The loss of employment opportunities in the coastal areas of Sindh thanks to climate change has resulted in large scale migration, mostly towards Karachi, adding to the problems of the cosmopolitan city, which is already suffering from overpopulation. In this century, Karachi has suffered the worst floods, and experts have warned that increasing population, global warming, and other factors have resulted in such disastrous impacts in Karachi.

“Water from the Indus River is not even reaching the Indus delta,” informs Muhammad Ali Shah, the Chairman of the Pakistan Fisherfolk Forum (PFF). “Too many people have lost their livelihoods and have no other option but to migrate to other cities,” he laments. “Approximately 0.8 to 10million people from Thatta, Badin and Sajawal have been pouring into Karachi to find homes and employment and their numbers are still rising. Nearly half of the population of Ibrahim Hyderi and Rehri Goth, two villages that are on the outskirts of Karachi, consist of climate migrants.”

Pakistan is the fifth-most affected country in terms of the impacts of climate change. Environmental disasters have reduced employment opportunities in not just the Delta but the entire agrarian region of the province. Haji Muhammad, a resident of the port town of Keti Bandar in Thatta district, relocated to Karachi following a decline in agricultural and fishing avenues in his town.

“The Sindh river is drying up which is adversely impacting the livestock and agriculture business in my area. I could not earn enough to feed my children so I had no other choice but to move to Karachi,” says the climate refugee.

“There has been a noticeable increase in climate-related disasters. Both rains and droughts have increased in intensity and frequency. Both these things negatively impact agriculture so it is natural that people who are dependent on agriculture for their livelihood will have no other option but to migrate to the nearest metropolitan,” says Arif Bilgrami, a prominent architect.

A majority of the people moving to cities come from low-income households. These environmental migrants settle wherever they find a habitable piece of land, and as a result, most of them have occupied areas around Karachi’s drains. An increase in the number of people settling on the drains has been a major factor in exacerbating urban flooding crisis in Karachi,” says Bilgrami.

Climate change activist Tofiq Pasha Mooraj explains that people have settled on the beds of the drains, and when water overflows these settlements choke the drains causing floods in nearby areas.

“Water flows through more or less permanent pathways,” explains Pasha. “If you settle on one of these pathways you are bound to face the wrath of flowing water one day.”

In addition, to blocking drains and waterways, other factors are also aggravating the flood situation in Karachi.

According to Bilgrami, in the previous years, Karachi’s parched land used to absorb a large amount of water but owing to uptake in construction, empty spaces are now vanishing from the city and the virgin soil is being replaced by high-rise buildings, housing societies, and paved roads, which not only allows the water to accumulate, but also lowers the water table, and increases heat during summers. Cleaning Karachi’s drains is just one step and should be the first among many, says Bilgrami.

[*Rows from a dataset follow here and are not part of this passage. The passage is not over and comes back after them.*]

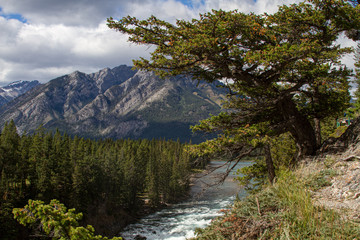 Fototapeta na wymiar a stream rolls through the mountain in the Canadian Rockies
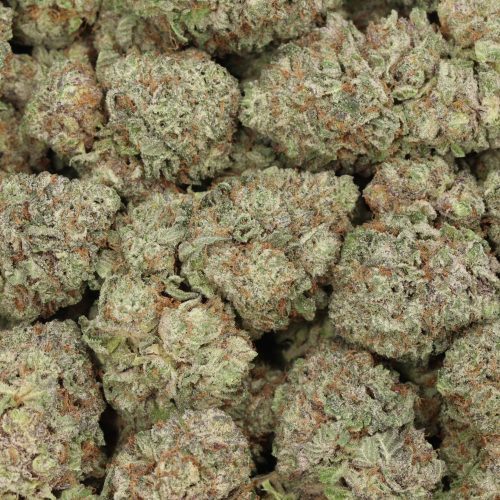 White Widow cannabis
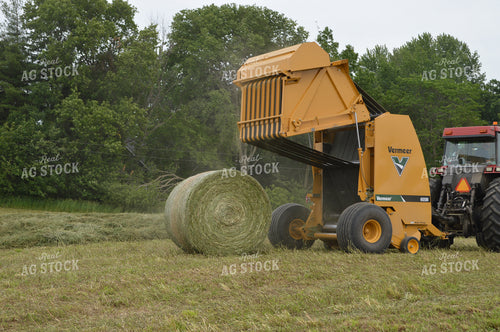 Baling Hay 206030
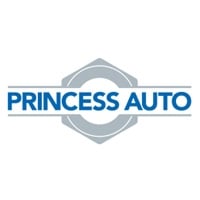 View Princess Auto Flyer online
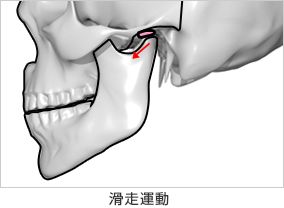 顎関節について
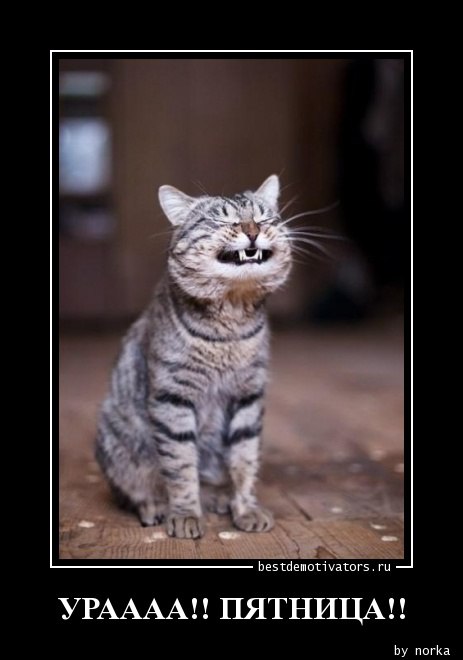 ***Victoria Viktorovna*** - 4  2016  05:04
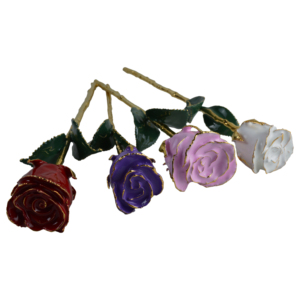 Natural Preserved <b>Rose</b> With Multi Color Design <b>Rose</b> 24k <b>Gold</b> Dipped <b>Rose</b> - Product Image 1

Meanwhile, Pasha warns that the impacts of climate change are quickly spreading across Sindh.

“One of the core impacts of climate change is ‘variability’,” he says. “So now we will see abnormal spells of rain followed by maybe prolonged spells of drought, it is becoming extremely difficult to predict the weather now,” continues Pasha.

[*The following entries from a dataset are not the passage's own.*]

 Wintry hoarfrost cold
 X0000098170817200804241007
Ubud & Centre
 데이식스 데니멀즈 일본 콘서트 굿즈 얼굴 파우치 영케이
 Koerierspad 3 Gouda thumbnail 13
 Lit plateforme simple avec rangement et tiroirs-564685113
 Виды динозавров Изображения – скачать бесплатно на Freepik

The Pakistan Meteorological Office says that the country is witnessing a steady and consistent increase in rainfall every year. According to statistics, Karachi saw 44mm of rainfall during the 2015 monsoon, 98 mm in 2016, and 125 mm in 2017. These figures almost doubled in 2019 to 322 mm and in 2020 it jumped to a whopping 468 mm.

According to Sardar Sarfaraz, the Director of the Karachi Met Office, weather patterns have drastically changed due to global climate change.

“The rainfall recorded in Karachi is the highest in 90 years,” he explains. “The rain spell in Karachi might continue for extended periods in time this is why immediate and serious measures are required to keep the situation from spiraling out of control.”

If this carries on, sooner or later, everyone will be victims of climate change.